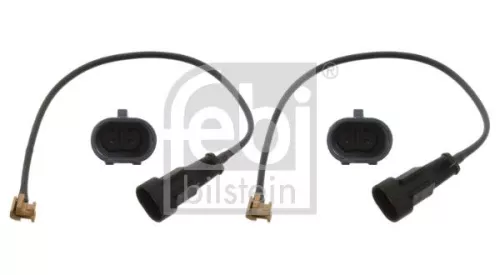 Warning Contact Set, brake pad wear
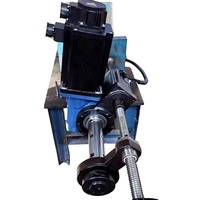 Machine de perçage et de soudage de lignes portable automatique 220V/380V 40-300mm CNC Horizontale pour opérations efficaces de perçage de roulements centraux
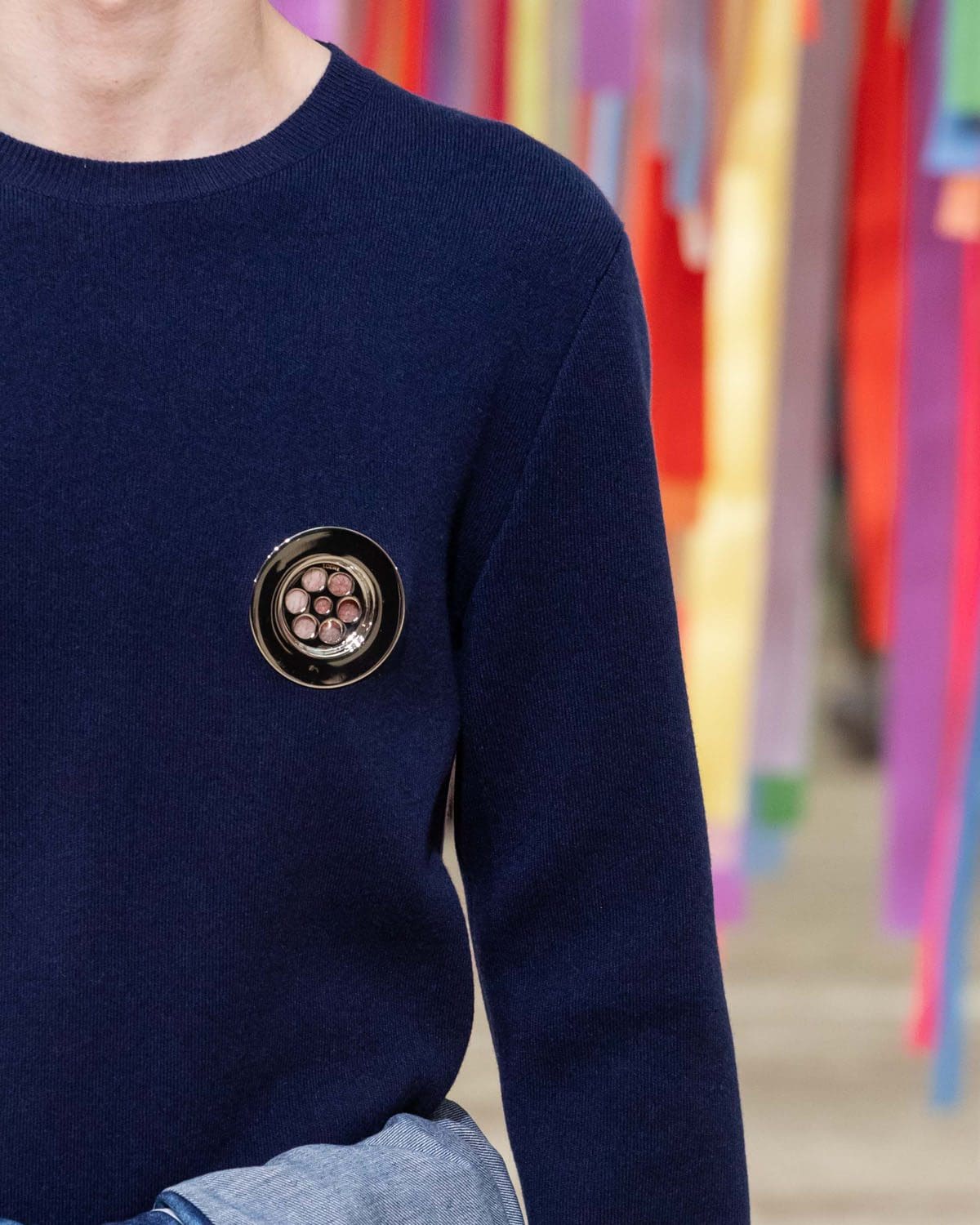Loewe outono inverno 2022-2023 Close por RUNWAY MAGAZINE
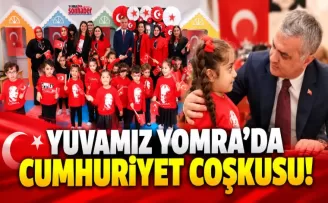 YUVAMIZ YOMRA’DA CUMHURİYET COŞKUSU!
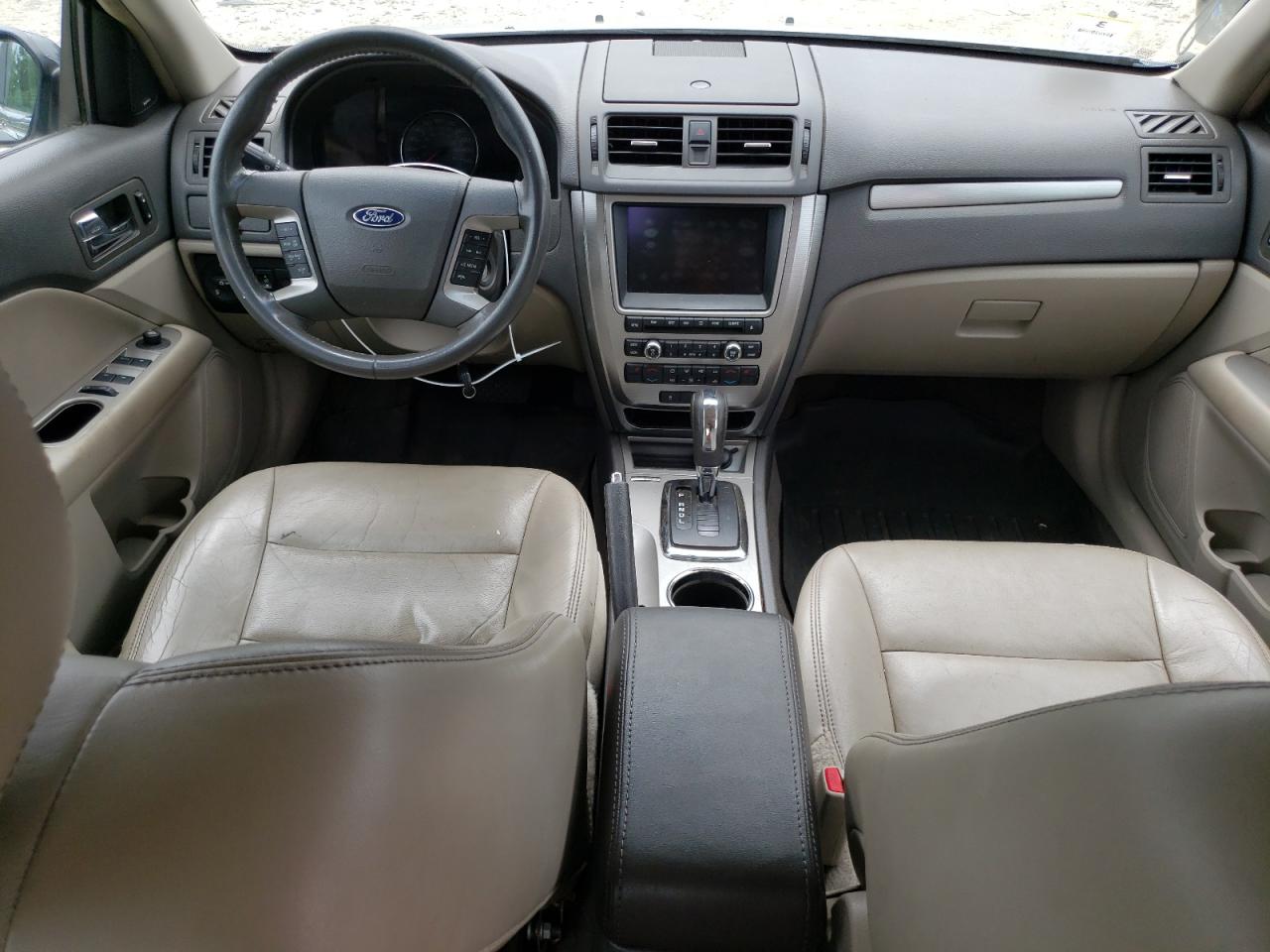 2010 Ford Fusion Hybrid VIN: 3FADP0L33AR158696 Lot: 61855124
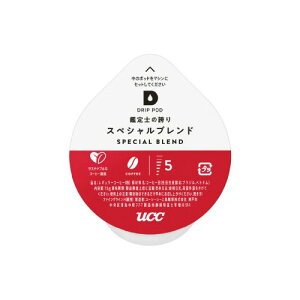 UCC DRIPPOD スペシャルブレンド 12杯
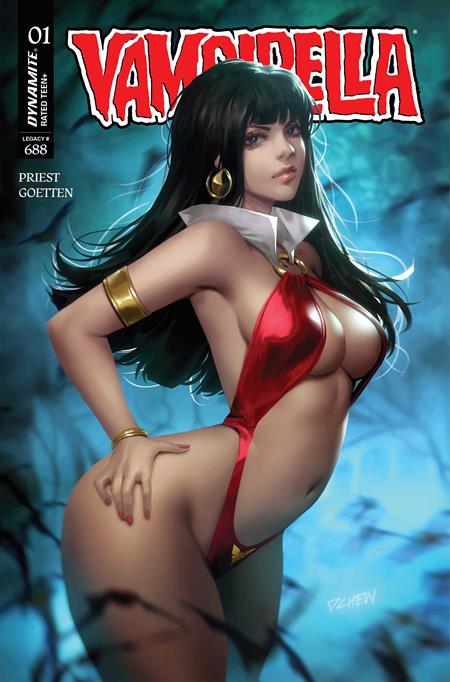 VAMPIRELLA (2026) #1 CVR B DERRICK CHEW VAR (22 Apr Release)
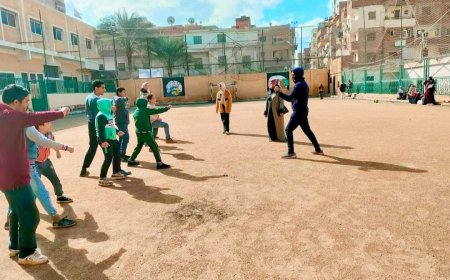 تدريبات مركز أطفال التوحد بشباب كفر الشيخ "نتوحد من أجلهم"  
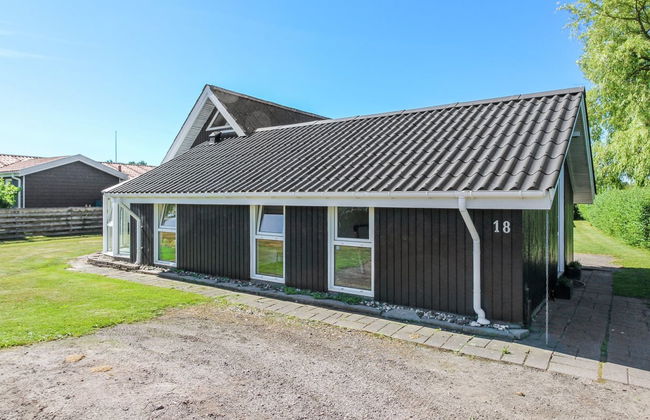 Casa de 2 quartos em Otterup com terraço e sauna - Foto 4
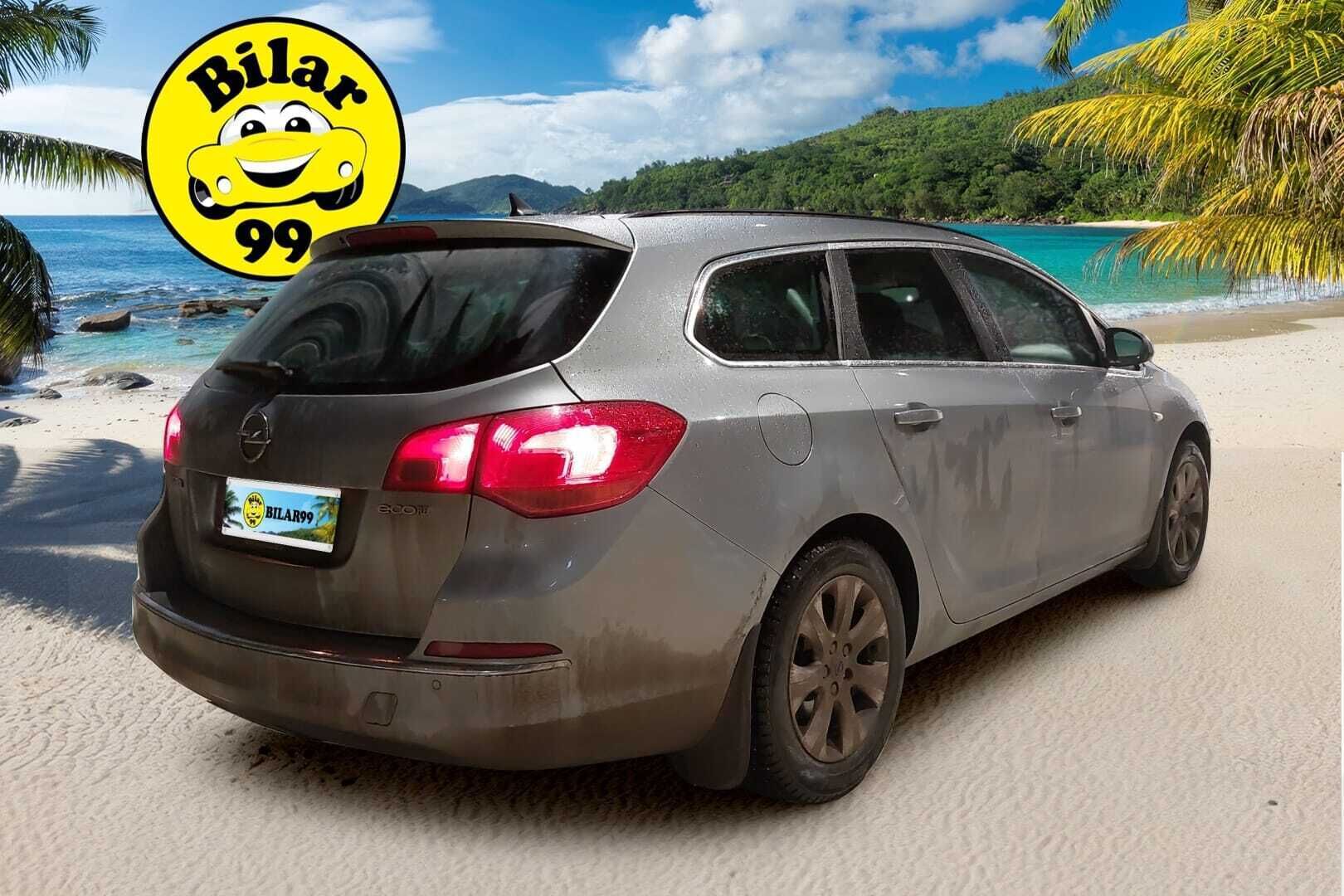 Opel Astra 2015 Sports Tourer Drive 1,4 Turbo ecoFLEX Start/Stop 103kW MT6 *Webasto / Peruutuskamera / Vakkari / Xenon / Navi / P-tutkat* - Suomiauto / Juuri saapunut Tampereelle! - HULLU BLACKWEEK KORKOTARJOUS 2,49%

- - -

- TASK OBJECTIVE: Copy out the listing above in full and keep the pictures out.

- RESPONSE TO THIS EXERCISE:
 Warning Contact Set, brake pad wear
 Machine de perçage et de soudage de lignes portable automatique 220V/380V 40-300mm CNC Horizontale pour opérations efficaces de perçage de roulements centraux
Loewe outono inverno 2022-2023 Close por RUNWAY MAGAZINE
 YUVAMIZ YOMRA’DA CUMHURİYET COŞKUSU!
 2010 Ford Fusion Hybrid VIN: 3FADP0L33AR158696 Lot: 61855124
 UCC DRIPPOD スペシャルブレンド 12杯
 VAMPIRELLA (2026) #1 CVR B DERRICK CHEW VAR (22 Apr Release)
 تدريبات مركز أطفال التوحد بشباب كفر الشيخ "نتوحد من أجلهم"  
 Casa de 2 quartos em Otterup com terraço e sauna - Foto 4
 Opel Astra 2015 Sports Tourer Drive 1,4 Turbo ecoFLEX Start/Stop 103kW MT6 *Webasto / Peruutuskamera / Vakkari / Xenon / Navi / P-tutkat* - Suomiauto / Juuri saapunut Tampereelle! - HULLU BLACKWEEK KORKOTARJOUS 2,49%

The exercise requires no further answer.